For centrifugal pumps, energy consumption varies with the cube of the pump speed, so even a modest speed reduction of, say, 10% results in energy savings of almost 27%. This can represent a significant energy cost reduction when the motor is large. In general, larger motors tend to yield large monetary savings, even though the percentage energy savings may appear small. Therefore, you should concentrate on pumps with large motors before addressing equipment with small motors.
In addition, address new installations before existing installations to eliminate not only the costs associated with installing the control valve, but also the costs associated with removing it later. Note that the cost of installation for many VSD systems is often lower than that of a control valve system—even before energy savings are considered—because the cost associated with the control valve (plus manifold) and the motor starter are eliminated. This is not necessarily true for large motors, where the cost of a VSD is high relative to a control valve installation.

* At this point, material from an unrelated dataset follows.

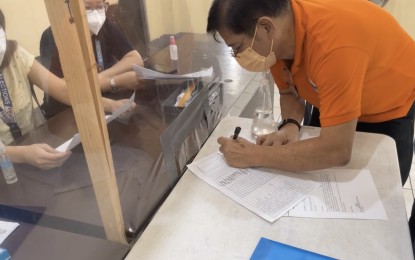 <p><strong>COC FILING</strong>. Former Iloilo City mayor Joe III Espinosa files his certificate of candidacy (COC) for the congressional seat of the lone district of Iloilo City on Oct. 8, 2021. Iloilo City Comelec Elections Assistant Jonathan Sayno on Saturday (Oct. 9, 2021) said the eight-day filing of COCs went smoothly amid the restrictions that needed to be observed due to the pandemic. <em>(Photo courtesy of Joe III Espinosa)</em></p>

Figure 4. Throttling increases hydraulic friction and moves the system curve to the left to maintain flow Q2 at pressure P2.
These energy savings alone are often not sufficient to justify a VSD installation. The real savings come from taking the implementation to the next level. One such application involved an air compressor, where reducing the compressor speed stopped the compressor from unloading, so it was always generating compressed air. Replacing the air compressor starter with a VSD had a simple payback (installed cost/savings) of approximately 2.7 years. Expanding the project to include process changes increased the project cost by 25%, but energy cost savings increased fourfold, and the simple payback was reduced to approximately 0.8 years!
This illustrates that replacing a starter with VSD technology can generate energy savings, but making process changes at the same time is a better investment that can save much larger amounts of energy. This is not possible in most applications, so you should first focus on applications where process changes are possible.
Figure 5. Because it runs close to the system curve, a VSD cuts the need for excess hydraulic energy and saves electricity.
Justifying the air compressor installation involved electrical, mechanical, chemical, combustion, utility, energy and other calculations in the context of plant operation. Aside from technical interactions between plant personnel representing various disciplines, it also involved detailed discussions with the compressor manufacturer regarding mechanical and heat-transfer issues inherent to the equipment itself.
Conceiving, justifying and implementing variable-speed drives often involve multi-disciplinary considerations. Failure to consider all these aspects can quite easily doom your project to failure, and cause you to miss your performance target.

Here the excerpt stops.